TASK BRIEF: Write out only the final part of the records below. It begins with the line that contains "Metang SV31/SV94 Holofoil Hidden Fates: Shiny Vault Metang" and ends with the last line.

MATERIAL FOR THIS TASK:
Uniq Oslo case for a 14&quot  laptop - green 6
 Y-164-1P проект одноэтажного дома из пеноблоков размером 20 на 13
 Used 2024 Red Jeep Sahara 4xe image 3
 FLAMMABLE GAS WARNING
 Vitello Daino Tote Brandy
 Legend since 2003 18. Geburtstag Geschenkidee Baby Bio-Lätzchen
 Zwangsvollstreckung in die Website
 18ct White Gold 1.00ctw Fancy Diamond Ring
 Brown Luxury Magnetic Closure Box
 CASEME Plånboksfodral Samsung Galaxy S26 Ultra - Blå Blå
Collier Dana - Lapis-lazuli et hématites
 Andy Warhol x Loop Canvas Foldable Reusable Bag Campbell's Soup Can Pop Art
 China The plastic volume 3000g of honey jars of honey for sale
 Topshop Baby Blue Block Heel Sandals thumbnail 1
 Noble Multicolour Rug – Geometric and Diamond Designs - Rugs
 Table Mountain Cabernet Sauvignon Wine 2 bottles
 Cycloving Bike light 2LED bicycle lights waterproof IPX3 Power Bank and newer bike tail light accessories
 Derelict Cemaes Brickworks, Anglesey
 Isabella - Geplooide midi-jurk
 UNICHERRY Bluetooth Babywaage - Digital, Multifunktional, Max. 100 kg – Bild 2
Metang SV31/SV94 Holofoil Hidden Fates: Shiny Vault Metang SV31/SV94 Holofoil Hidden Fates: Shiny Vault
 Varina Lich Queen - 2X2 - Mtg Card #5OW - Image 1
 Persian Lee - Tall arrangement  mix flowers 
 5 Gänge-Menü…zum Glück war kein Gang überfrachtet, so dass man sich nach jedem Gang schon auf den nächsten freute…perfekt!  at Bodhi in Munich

SOLUTION TO THIS PROBLEM:
Metang SV31/SV94 Holofoil Hidden Fates: Shiny Vault Metang SV31/SV94 Holofoil Hidden Fates: Shiny Vault
 Varina Lich Queen - 2X2 - Mtg Card #5OW - Image 1
 Persian Lee - Tall arrangement  mix flowers 
 5 Gänge-Menü…zum Glück war kein Gang überfrachtet, so dass man sich nach jedem Gang schon auf den nächsten freute…perfekt!  at Bodhi in Munich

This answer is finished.